EXERCISE DATA Block Start
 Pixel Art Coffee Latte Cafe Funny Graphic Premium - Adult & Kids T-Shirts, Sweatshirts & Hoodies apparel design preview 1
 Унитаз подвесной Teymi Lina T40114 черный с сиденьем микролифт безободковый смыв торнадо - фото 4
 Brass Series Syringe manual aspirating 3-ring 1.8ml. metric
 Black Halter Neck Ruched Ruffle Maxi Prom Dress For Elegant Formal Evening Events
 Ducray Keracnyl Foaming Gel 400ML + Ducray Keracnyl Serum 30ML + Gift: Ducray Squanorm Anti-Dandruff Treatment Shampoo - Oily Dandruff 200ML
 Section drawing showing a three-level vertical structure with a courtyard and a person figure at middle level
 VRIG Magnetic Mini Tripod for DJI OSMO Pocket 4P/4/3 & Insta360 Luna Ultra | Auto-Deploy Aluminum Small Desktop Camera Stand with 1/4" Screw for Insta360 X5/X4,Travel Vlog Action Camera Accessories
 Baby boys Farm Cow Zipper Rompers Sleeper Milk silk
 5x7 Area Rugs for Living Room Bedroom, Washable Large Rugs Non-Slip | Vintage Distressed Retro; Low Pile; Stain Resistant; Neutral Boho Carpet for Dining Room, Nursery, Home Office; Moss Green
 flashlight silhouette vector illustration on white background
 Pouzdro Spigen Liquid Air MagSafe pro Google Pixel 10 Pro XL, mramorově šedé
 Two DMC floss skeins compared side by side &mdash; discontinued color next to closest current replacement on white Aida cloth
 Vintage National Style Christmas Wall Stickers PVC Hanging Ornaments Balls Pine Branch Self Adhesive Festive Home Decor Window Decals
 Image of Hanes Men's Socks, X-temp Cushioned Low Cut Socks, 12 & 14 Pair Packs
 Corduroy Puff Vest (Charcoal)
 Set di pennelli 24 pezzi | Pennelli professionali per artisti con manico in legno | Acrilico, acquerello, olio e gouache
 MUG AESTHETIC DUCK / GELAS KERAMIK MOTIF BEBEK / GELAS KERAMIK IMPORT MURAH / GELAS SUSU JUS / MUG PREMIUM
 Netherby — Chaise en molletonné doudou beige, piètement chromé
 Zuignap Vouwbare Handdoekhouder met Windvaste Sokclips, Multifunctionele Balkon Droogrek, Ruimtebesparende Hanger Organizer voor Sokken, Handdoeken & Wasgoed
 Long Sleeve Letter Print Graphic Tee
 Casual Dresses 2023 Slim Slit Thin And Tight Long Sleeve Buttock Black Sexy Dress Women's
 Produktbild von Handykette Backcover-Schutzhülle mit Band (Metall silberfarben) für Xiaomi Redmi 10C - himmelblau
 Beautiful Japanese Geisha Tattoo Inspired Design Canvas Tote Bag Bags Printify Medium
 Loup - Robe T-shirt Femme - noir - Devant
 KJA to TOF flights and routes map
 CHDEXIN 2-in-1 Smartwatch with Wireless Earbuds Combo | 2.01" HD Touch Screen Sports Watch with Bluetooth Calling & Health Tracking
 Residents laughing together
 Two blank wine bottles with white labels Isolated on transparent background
EXERCISE DATA Block End
WORK ORDER
Copy out, word for word, the part of the entries above that begins at the line with "Netherby — Chaise" and ends at the line with "KJA to TOF flights and routes map", including both.

ANSWER FOR THIS EXERCISE
 Netherby — Chaise en molletonné doudou beige, piètement chromé
 Zuignap Vouwbare Handdoekhouder met Windvaste Sokclips, Multifunctionele Balkon Droogrek, Ruimtebesparende Hanger Organizer voor Sokken, Handdoeken & Wasgoed
 Long Sleeve Letter Print Graphic Tee
 Casual Dresses 2023 Slim Slit Thin And Tight Long Sleeve Buttock Black Sexy Dress Women's
 Produktbild von Handykette Backcover-Schutzhülle mit Band (Metall silberfarben) für Xiaomi Redmi 10C - himmelblau
 Beautiful Japanese Geisha Tattoo Inspired Design Canvas Tote Bag Bags Printify Medium
 Loup - Robe T-shirt Femme - noir - Devant
 KJA to TOF flights and routes map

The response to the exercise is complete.